What Game of Thrones can teach you about economics
Weapons from the Game of Thrones are on display at the Waterfront Hall, Belfast, Northern Ireland (Peter Morrison / AP)
For an audio and text series, "Wealth of Westeros," AP's economics team is digging into market lessons embedded in "Game of Thrones." Today's episode: "What you don't know could get you killed," by Josh Boak, Paul Wiseman and Christopher Rugaber:
- "The imbalance in knowledge is what economists call 'asymmetric information' — when one party in a transaction knows more than the other and can exploit the advantage. It can be bad for economies.

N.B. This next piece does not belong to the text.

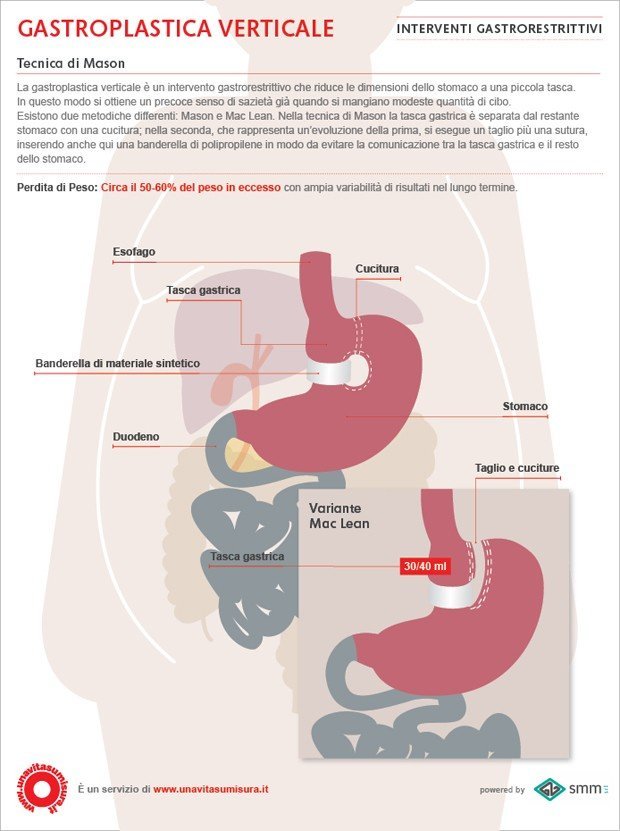 Gastroplastica verticale (Sleeve gastrectomy o Sleeve) – Tecnica di Mason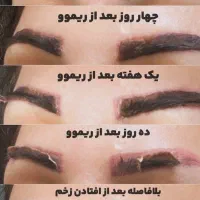 ریموو تخصصی تاتو ۵۰٪تخفیف روز مادر برای ۲۰ نفر اول|خدمات آرایشگری و زیبایی|مشهد, سجاد شهر|دیوار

And it's certainly bad for the people of Westeros as the threat of Whitewalkers drew closer in the seventh season's fifth episode, Eastwatch."
- "The episode ended with Jon Snow leading six others beyond the Wall. They're on a possible suicide mission to capture a wight — a re-animated corpse controlled by the Whitewalkers."
- "Why? Because of the imbalance of the knowledge, the group hopes to prove that the threat is real to Queen Cersei in order to unite Westeros' warring factions against a common and demonic enemy. Little do they know that Cersei is already prepared to call a truce, providing only more evidence about the challenges caused by asymmetric information."
- "Storytellers have relied on dramatic irony since Ancient Greece. But Game of Thrones is really detailing a fundamental challenge that markets are struggling to address — what to do when information is far from perfect and carefully guarded instead of shared."